Calling back for my intuition.

03/31/2012 § Leave a comment

I started this blog almost a year ago with the beginning of my advent into veganism. That foray was inspired much by A. Silverstone’s book “the kind diet”, bought mostly for the pretty photos for a few dollars at a closeout sale at Borders. (www.thekindlife.com). Veganism began one Sunday after a day in the garden, completely unexpectedly and as almost of a joke; just a fun way to pass the time that day.

It lasted two months, which by some standards would be relatively nothing, but for an unanticipated and beforehand unimaginable reality for me, was a real thing. Much of what I did then I carry over into my current life, by eating the same foods and reading the same book and having the same thought processes about what is good for my body and my life in the world.

What is most interesting to me is not just the change in behaviors and mental processes I experienced, and not even how sudden the shift seemed to occur, but rather, how devoted I was to that change, and how much those new behaviors meant to me both now and then, with so little thought of them beforehand. 

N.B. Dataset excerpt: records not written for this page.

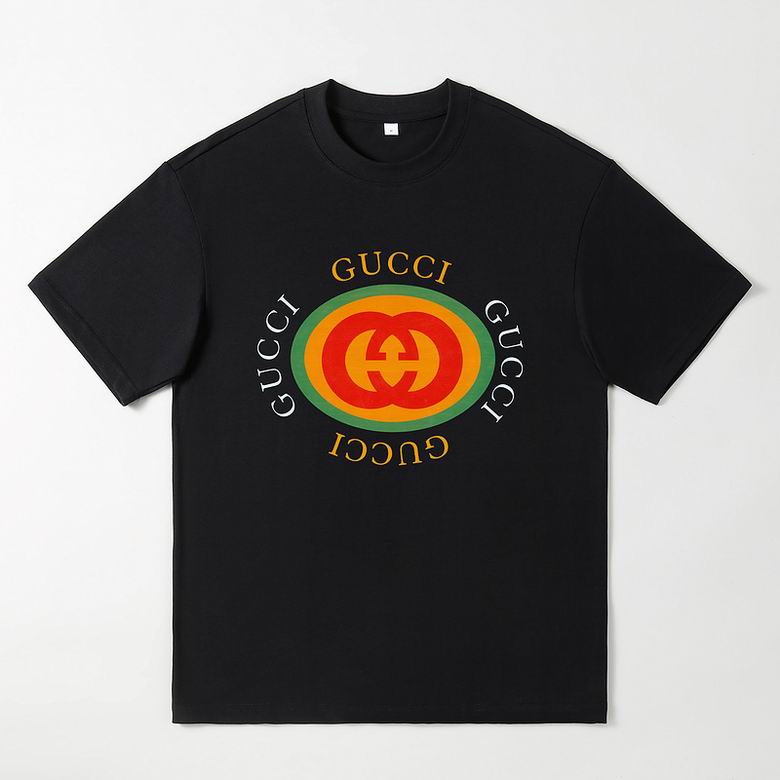 GU  T -shirt  2 Color 's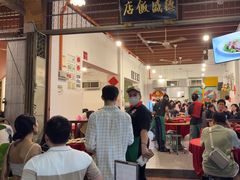 -德成饭店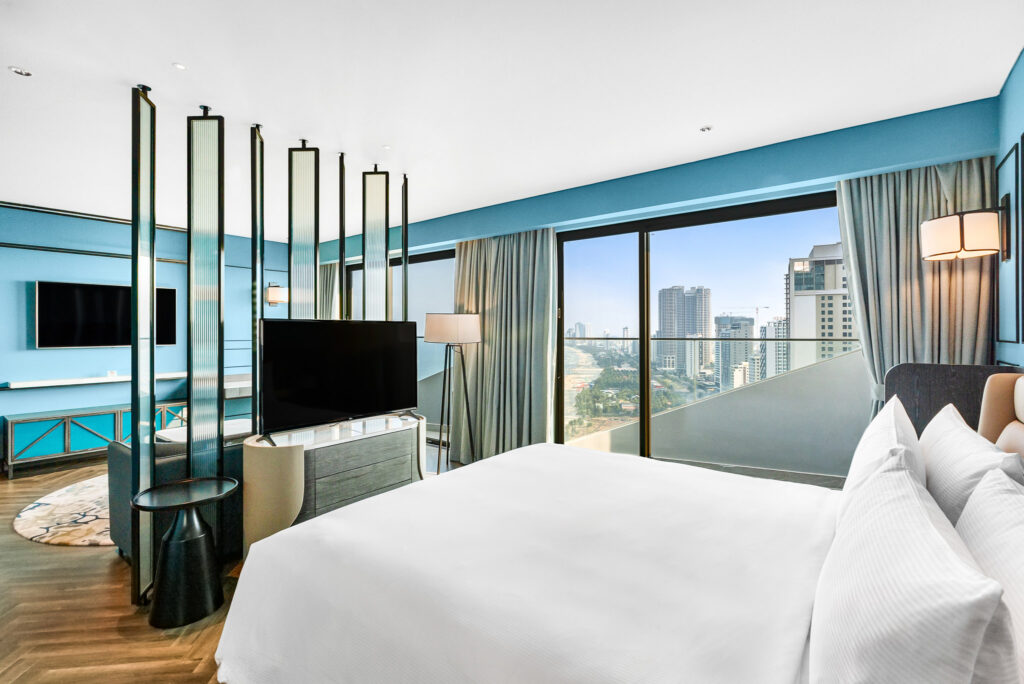 Hilton Garden Inn Da Nang, image 10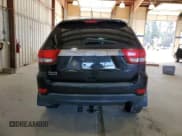✅ 2012 Jeep Grand Cherokee Laredo • VIN: 1C4RJFAG8CC178034 • Лот: 92105595. Опубликован ранее на Copart с пробегом 164 861 миль. Бесплатный доступ к архиву аукционных продаж из США и подробный отчёт об истории автомобиля на DreamBid. Изображение 6.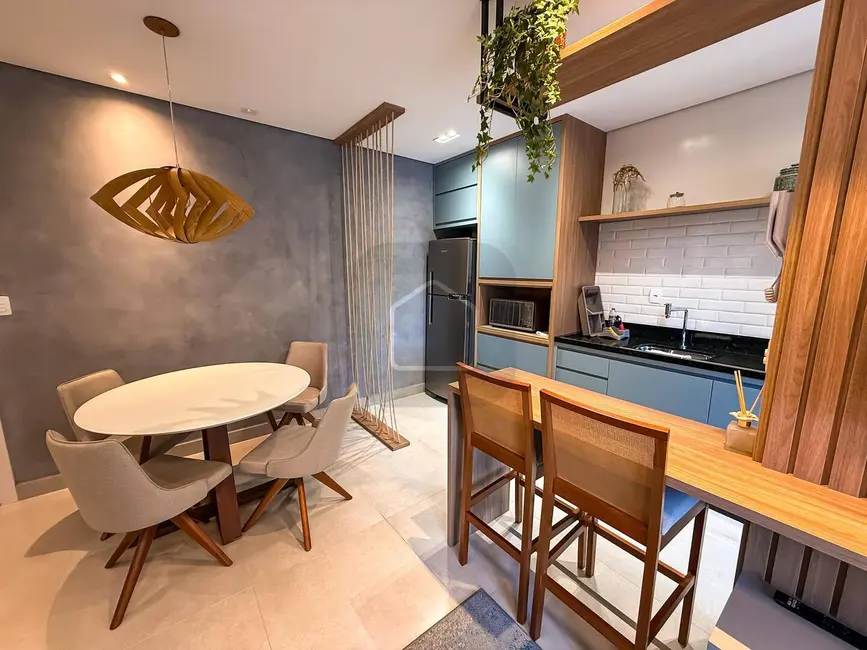 Apartamento com 2 quartos à venda, 68m2 em Martim de Sá, Caraguatatuba - SP - imagem 4 Foto 4 de Apartamento com 2 quartos à venda, 68m2 em Martim de Sá, Caraguatatuba - SP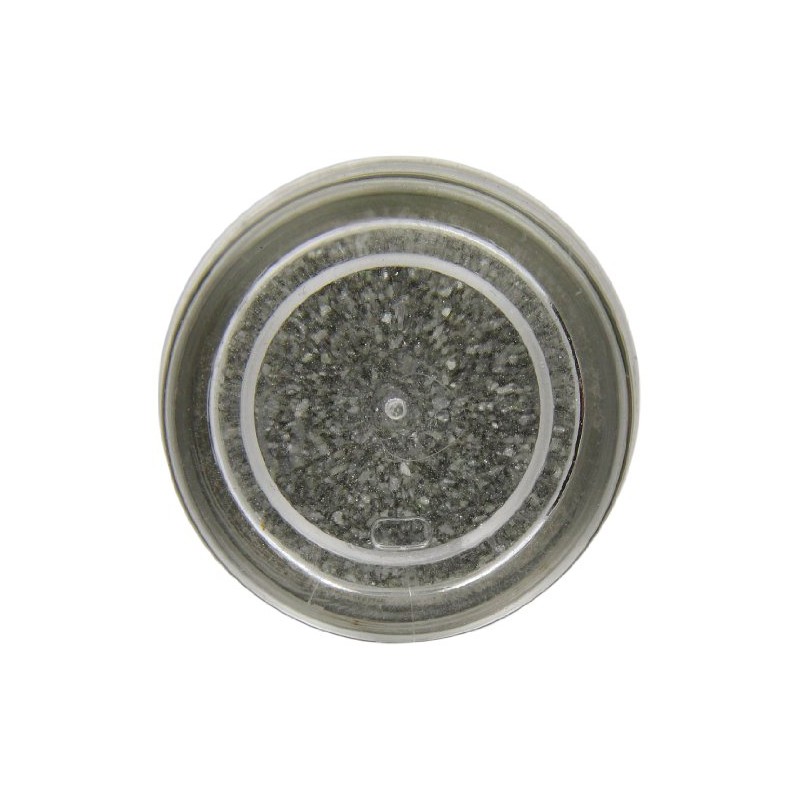 Rainbow Dust Edible Glitter Silver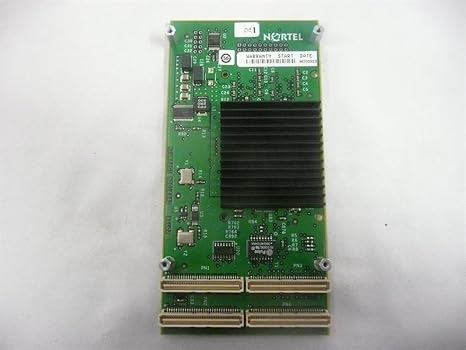 Nortel Meridian MGC DSP Daughterboard 96 (NTDW64AAE5) Refurbished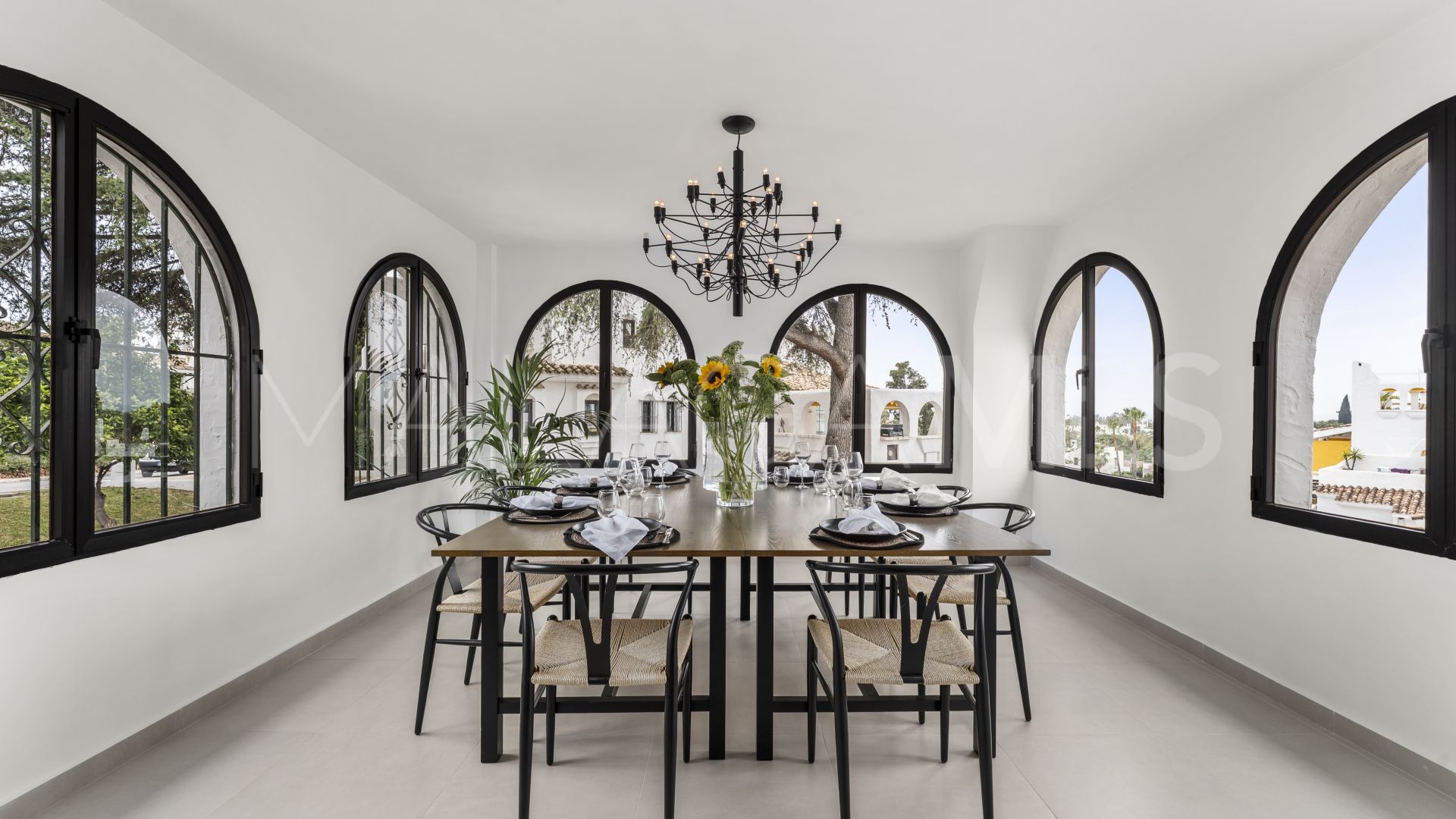 3 bedrooms Aldea Blanca apartment for sale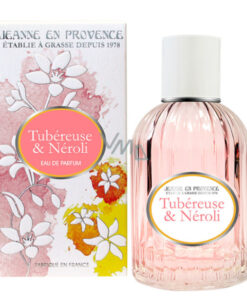 Jeanne en provence eau de parfum tubéreuse & néroli 100ml online shopping billigt tilbud shoppetur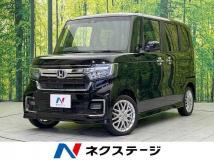 2022 Honda N BOX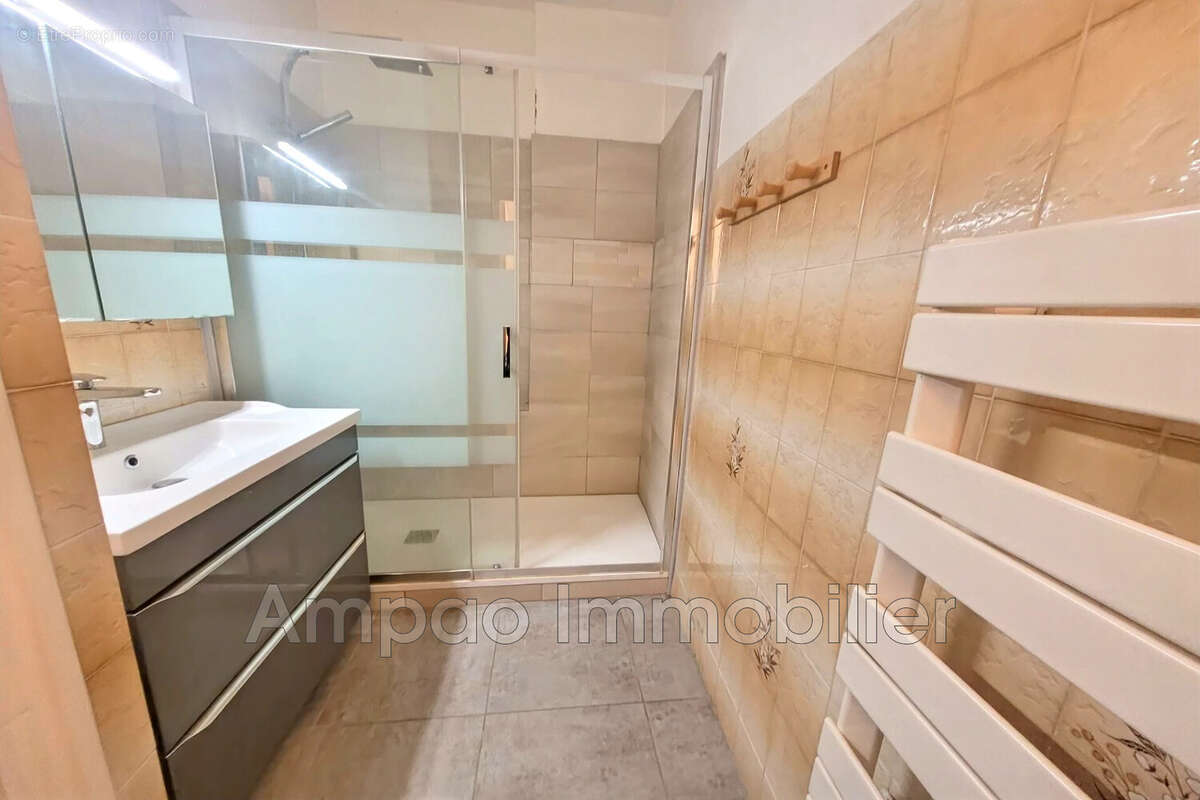 Appartement à PERPIGNAN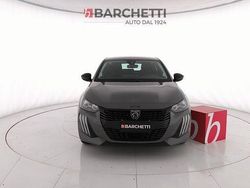 Grigio Usata 2024 Peugeot 208 Active Due volumi | 16.900 € (Cara)
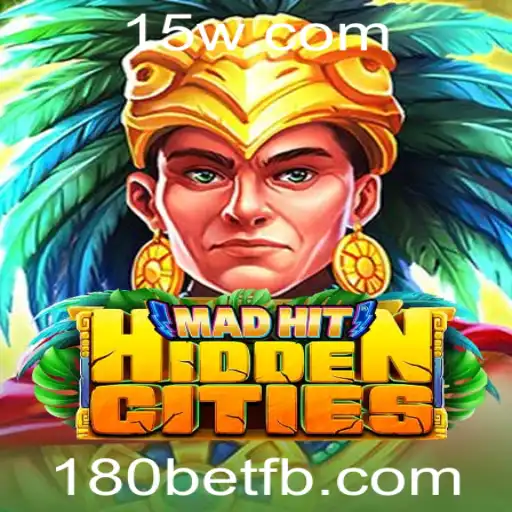 Explorando o Fascinante Mundo de MadHitHiddenCities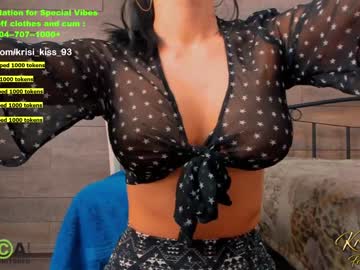 female cam girl krisi_kiss image #3755560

I didn’t plan for veganism. I didn’t even think about veganism until my first day of it. And on my first day of it, I didn’t even anticipate it being something I would want to do for any serious amount of time. How was I able to so quickly and easily perceive it as so valuable to me?

My intuition tells me it was just my intuition. Since my intuition has been the only thing I’ve been able to consistently rely on in my life, I have few rational options but to trust that as true; that I experienced something that would be so good for me in the long-term that I knew immediately once engaged in it not to give it up. Time has shown the evidence, a year later and still vegan in heart and mostly in body, that this is probably true.

I think about these questions more generally not just in terms of veganism but in terms of other changes in my life. Facing shifts in professions, geography, money, friendships, love, and, general attitude, I have been considering a lot not just my decisions but the process itself of making decisions and bringing on life changes.

I will be starting in less than three months’ time a completely new profession. I will be living on a different coast. I will be challenging the way I consider what is important work and what is important to love. These are not necessarily difficult things to take on, but they are alarming to me as shifts that are happening seemingly without much prior knowledge or insight. I have been considering for the past several weeks any of the ways I could get more information about all of these new areas that I’m about to go into. And in every way, that has been my default and natural way of being and acting in the world. My spontaneous but fortunate foray into a vegan diet was an anomaly for me (along with only a few other decisions in my life: attending Vassar and going to Spain, the both of which along with veganism were some of the best decisions I’ve ever made for myself), which is why I have been trying to learn more about how I was able to act in those ways and to trust in myself so steadily.
These reflections help me realize that despite how strong I know my intuition to be, I have had tendencies to not trust it completely, feeling the need to augment it with information and lived experience. This has proven to in no way improve my decisions, and by the last several weeks has in every way shown to make my decision-making process more arduous and less personally gratifying.

I think it’s time I quite simply not just listened to my heart more, but trusted it. Fortunate thoughts, for one to be going from science to teaching, from Philadelphia to San Francisco, from lonely independence to a loving and true partnership.